Planned Parenthood of Michigan filed a lawsuit in May, successfully resulting in the suspension of the law. As a regular donor to Planned Parenthood, Gleicher reassured that she remained "unbiased and impartial" in her ruling. As Republicans control the Michigan Legislature, an appeal is possible. Spokesman Gideon D’Assandro confirmed “the House is reviewing the ruling."

Governor Gretchen Whitmer has filed a separate lawsuit asking the state Supreme Court to intervene and usurp the case from lower courts.

She said Wednesday: “With our rights still hanging by a thread, the Michigan Supreme Court needs to provide certainty."

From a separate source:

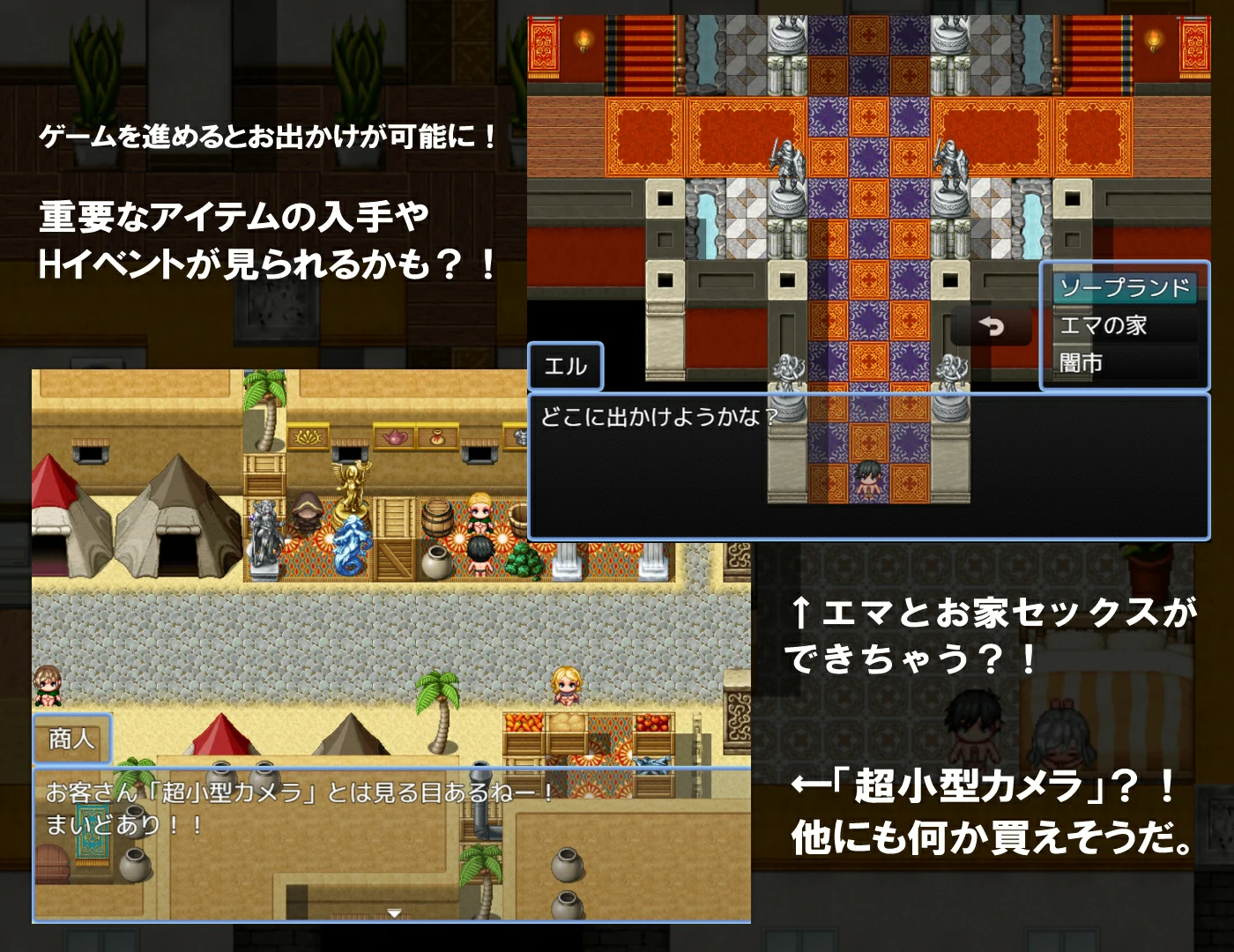 更多！爆R熟女和我的甜蜜恩爱生活 挂载AI汉化+存档 [新汉化/274M] - 二次元文化技术交流站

Gleicher's decision comes just days before the Michigan Supreme Court is set to rule on whether or not to allow a new constitutional amendment to make it onto the November midterm ballot. If ratified, the amendment would solidify the right to abortion in the state.

The court will likely rule in favor of the the Reproductive Freedom for All bill, as a Michigan Bureau of Elections staff report recommends they approve the petition in support of the amendment, as it contained over 700,000 signatures.

The amendment would guarantee the "individual right to reproductive freedom, including right to make and carry out all decisions about pregnancy, such as prenatal care, childbirth, postpartum care, contraception, sterilization, abortion, miscarriage management, and infertility."

The amendment would also prevent law enforcement from prosecuting individuals who have abortions, or those who assist them, directly contradicting the 1931 law.